“The Terror” Invites Readers to Dip a Toe into Haunted Waters (Book Club Pick)
Here at Pressboard, we believe in few things more than the power of a great story. Stories inspire us, galvanize us and move us to tears. They change the way that we view a particular issue or society as a whole. But most importantly, they bring us together.
This passion for storytelling is what originally inspired us to design a platform that allows brands and publishers to connect and craft outstanding content together; now, it’s the driving force behind our book club, which delivers our favourite reads — fiction, non-fiction and everything in between — to your inbox every month. Allow us to introduce our pick for October 2018: Dan Simmons’ The Terror.
In 2016, the skeletal, 168-year-old wreck of the HMS Terror was uncovered in the depths of the aptly named Terror Bay, just off the coast of Nunavut’s King William Island. This ghostly relic of Royal Navy Officer Sir John Franklin’s doomed expedition to find the Northwest Passage sets the stage for Dan Simmons’ chilling work of historical fiction, The Terror.
Buoyed by the spirit of adventure, Franklin and his crew begin their journey in 1845. By 1846, their ships (the Terror was accompanied by another vessel, the HMS Erebus) are entombed in ice. And by 1848, death, illness, starvation and an unseen horror have taken hold with an icy grip, forcing the remaining men to abandon their ships and set out onto the ice on foot. Unbeknownst to them, however, is the fact that the greatest threat to their safe passage through what we now know as the Canadian Arctic Archipelago lies not in the unforgiving climate, but within their own ranks.

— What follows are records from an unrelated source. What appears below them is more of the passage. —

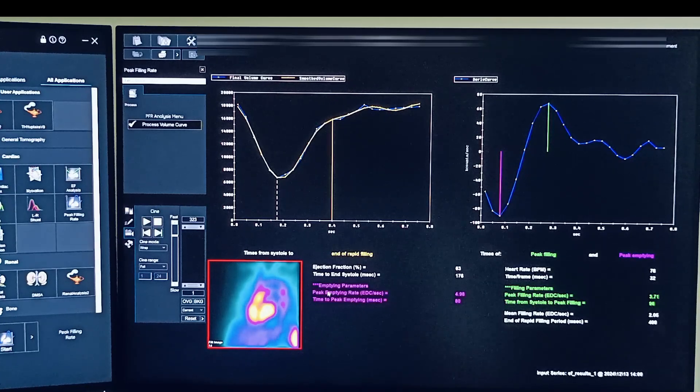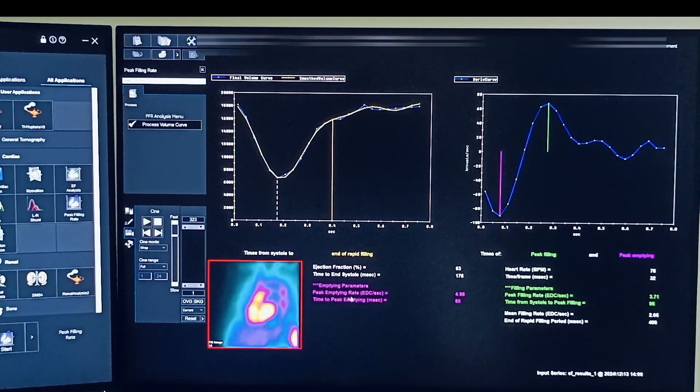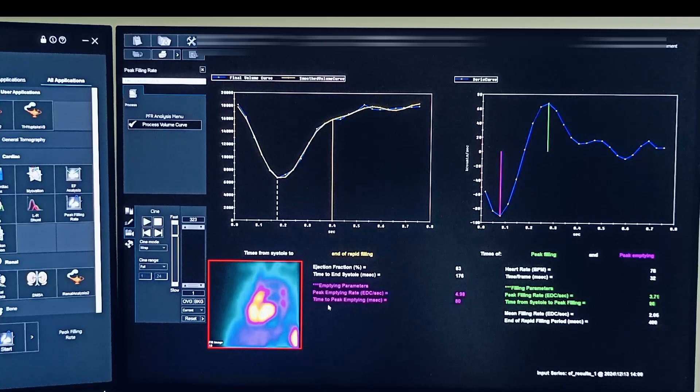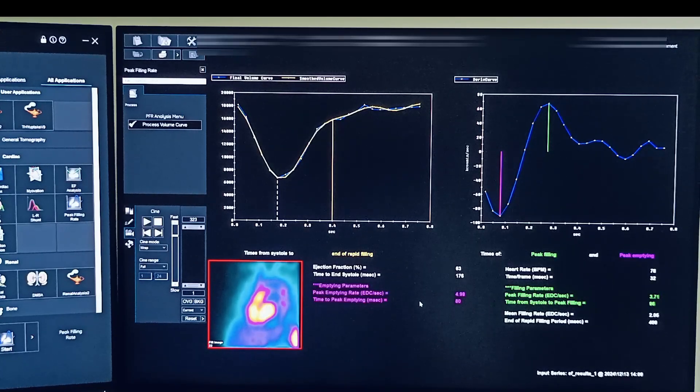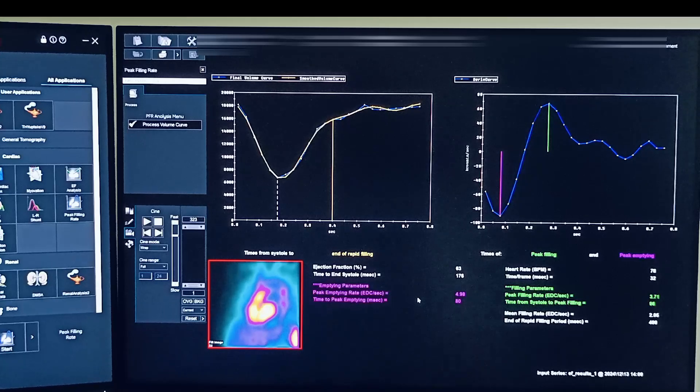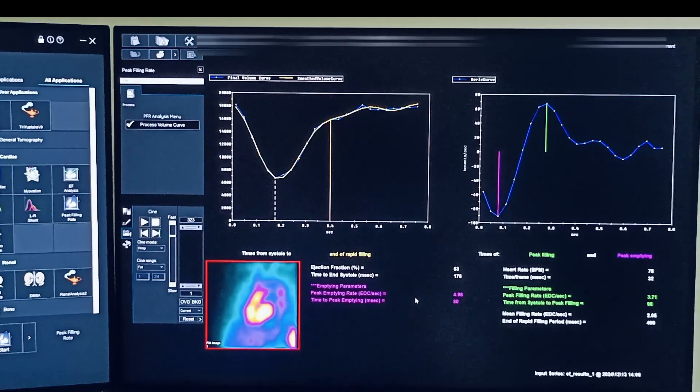So here you can see the emptying parameters like peak emptying rate and time to peak emptying rate. So this is an important parameter for assessing the LV diastolic dysfunction.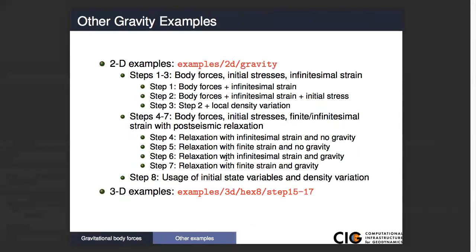There are some other fairly detailed gravity examples. The most detailed one is the 2D gravity example, which has eight different exercises you can follow through — that's a good one to look at. There are also some very simple 3D examples in the examples 3D hexate directory.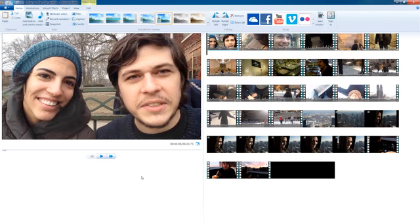Hello, Vimeo members. This is Seth Wharton. This is the sixth episode in the Vimeo Video School's series of tutorials on using Windows Movie Maker.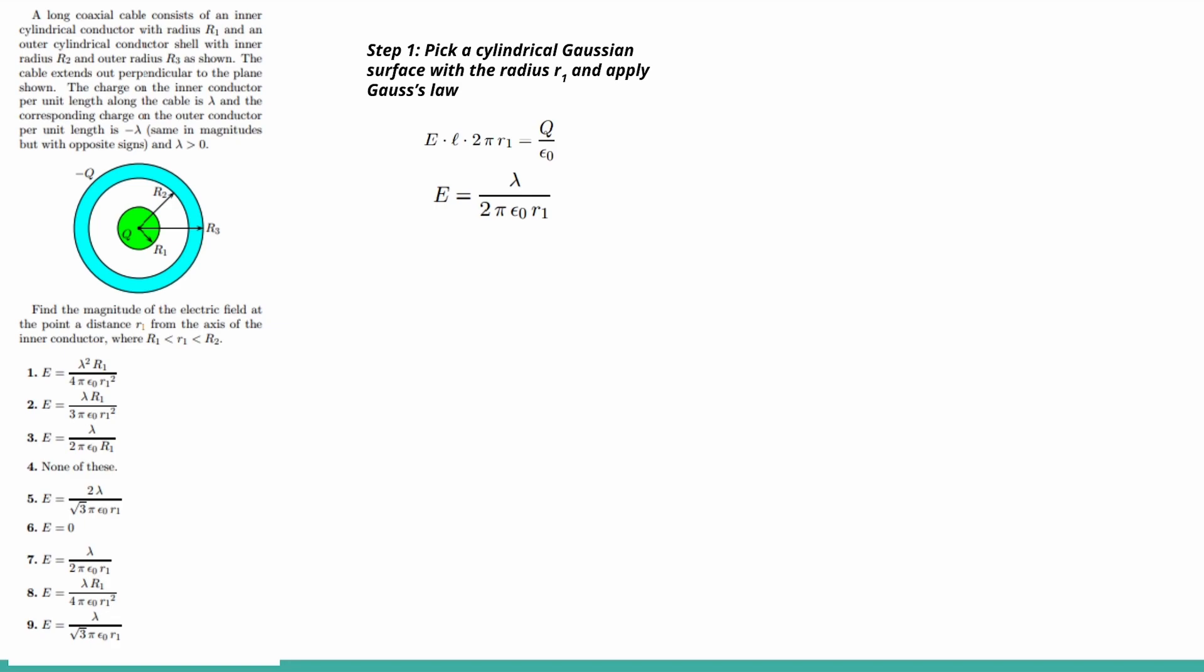So you can cancel out the charge and the length to get lambda over 2 pi permeability R1, and then that will be your answer, which is number 7.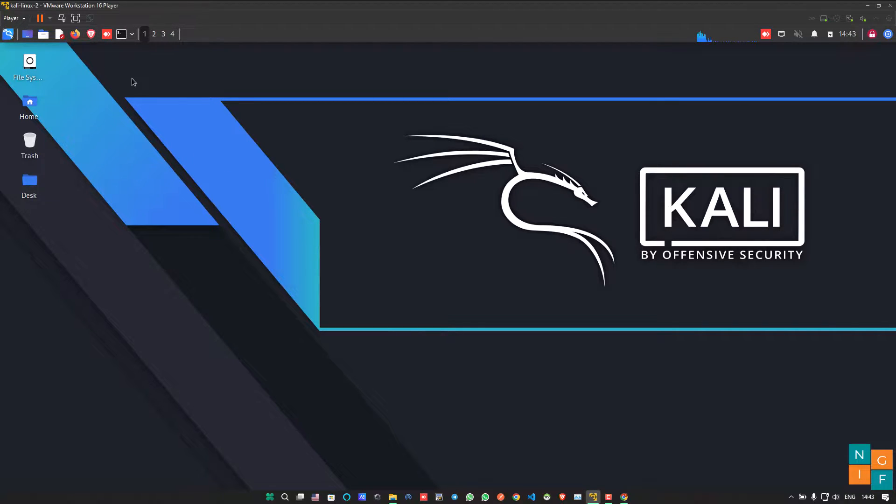Today in this video, I am going to show you how to install Google Chrome in your Kali Linux or any Debian Linux operating system.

Simmons’ writing is as sharp and relentless as the landscape itself, casting a pallor over the pages that you can feel in your very bones as you read — which, of course, makes it the perfect October pick. But the real magic of this book lies in its portrayal of the enduring power of storytelling. The fate of the HMS Terror and its passengers remained a mystery for a little over a century-and-a-half, which meant that human imagination naturally leapt at the opportunity to fill in the blanks. This has resulted in a rich tapestry of folklore, mythology, oral accounts and historical hypotheses that has been passed down over the years like a game of telephone, shaping and expanding the story as it moves from one mouth (or page, or screen) to the next. Simmons provides his own fantastical solution to the mystery of Franklin’s missing men — which we wouldn’t dare spoil for you here — that embellishes the story even more and makes it sufficiently haunting enough to top our monthly reading list.